A federal judge in Chicago fined Chinese telecommunications company Hytera Communications Corp. Ltd. $50 million on Mar. 9 for conspiring to steal proprietary technology from Illinois-based Motorola Solutions, Inc.
The case centers on actions beginning in 2006, when Hytera recruited and hired Motorola employees and directed them to take proprietary and trade secret information without authorization. The stolen material related to Motorola’s digital mobile radio technology, which the company had developed over years of research and design. Engineers used this information, including source code, to develop products for Hytera at a much lower cost than it took Motorola to create the original technology.
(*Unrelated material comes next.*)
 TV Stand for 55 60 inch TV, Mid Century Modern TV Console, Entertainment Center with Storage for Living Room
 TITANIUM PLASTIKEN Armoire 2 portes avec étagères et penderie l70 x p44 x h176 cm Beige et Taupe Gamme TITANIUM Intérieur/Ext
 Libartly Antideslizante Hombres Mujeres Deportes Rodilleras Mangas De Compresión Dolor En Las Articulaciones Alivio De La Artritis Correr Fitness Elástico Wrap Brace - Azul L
Hytera then competed with Motorola in the digital radio market through 2020.
Hytera pleaded guilty last year in the Northern District of Illinois to a federal charge of conspiracy to steal trade secrets. In addition to the fine, U.S. District Judge John J. Tharp, Jr. sentenced Hytera to five years of probation with conditions that include maintaining an effective compliance program and annual reporting of that program to the government. The court also ordered Hytera to pay approximately $214 million in restitution, offset by payments previously made as part of a civil judgment.
The sentence was announced by Andrew S. Boutros, United States Attorney for the Northern District of Illinois, and Douglas S. DePodesta, Special Agent-in-Charge of the Chicago Field Office of the FBI. The Department of Justice’s National Security Division provided assistance in the case, which was prosecuted by Assistant U.S. Attorneys Thomas P. Peabody and Wesley A. Morrissette.
In 2021, seven Hytera employees were indicted in federal court in Chicago for their alleged roles in stealing from Motorola Solutions. One defendant, Gee Siong Kok, pleaded guilty in 2022 and agreed to cooperate with authorities; he is awaiting sentencing while warrants have been issued for six other defendants.